Correct, most people voted for Brexit and were repeatedly told it would happen by both sides. It's hard to counter the ERG case presented on Radio 4 World at One "These are all synthetic sideshows ...Johnson got a savage kicking in court today following his botched attempt to counter a rogue speaker enabling unconstitutional Remain legislation. The unprecedented prevention of a general election has provoked a crisis deliberately deepened by the Supremes. They are now principal actors supporting the Remain HoC majority. Government depends on the consent of the governed and they withdrew their consent from our EU membership.... The fundamental issue is that the PM has lost control of Parliament and they will not allow him to try to get a mandate to pursue his policies via a GE where these issues will be the battleground...." etc etc
Andrew Neill making much the same case to Chuka right now on BBC....

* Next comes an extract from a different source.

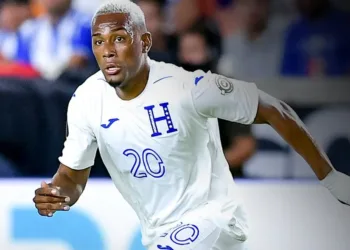 El hondureño Deybi Flores ficha con el Toronto FC de la MLS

It’s very easy to counter the ERGs case, because it’s complete bollocks
 
So boris has spoken to the queen,hope she made the twat grovel

I hope she said " no worries Bojo - I am sending Phil to pick you up from the airport - I am afraid the seatbelt on Diana's....sorry the passenger seat in that car doesn't work. But don't worry..........."
 
Of course, if proroguing never happened, Bojo could always prorogue Parliament. I mean, it wouldn't be like he was doing it again. So Parliament returns - it has already done all it can in terms of binding the hands of the executive on no deal, and we have no idea whether or how that could work if he toughs it out. It won't let him dissolve Parliament even though it thinks him unfit for office because it doesn't want an election because this could result in the clock running out, plus they might lose their excellent fake jobs. It won't call a motion of no confidence in him for ditto reasons plus it can't agree to a government of national unity because no one wants anyone else to get their hands on the steering wheel. And the official opposition is suggesting an election in which people vote for it on the basis that it will enter into negotiations not knowing what it wants until it finds out what it gets. We're making the Ukrainian scandal in the US relatively straightforward.
 
Of course, if proroguing never happened, Bojo could always prorogue Parliament. I mean, it wouldn't be like he was doing it again. So Parliament returns - it has already done all it can in terms of binding the hands of the executive on no deal, and we have no idea whether or how that could work if he toughs it out. It won't let him dissolve Parliament even though it thinks him unfit for office because it doesn't want an election because this could result in the clock running out, plus they might lose their excellent fake jobs. It won't call a motion of no confidence in him for ditto reasons plus it can't agree to a government of national unity because no one wants anyone else to get their hands on the steering wheel. And the official opposition is suggesting an election in which people vote for it on the basis that it will enter into negotiations not knowing what it wants until it finds out what it gets. We're making the Ukrainian scandal in the US relatively straightforward.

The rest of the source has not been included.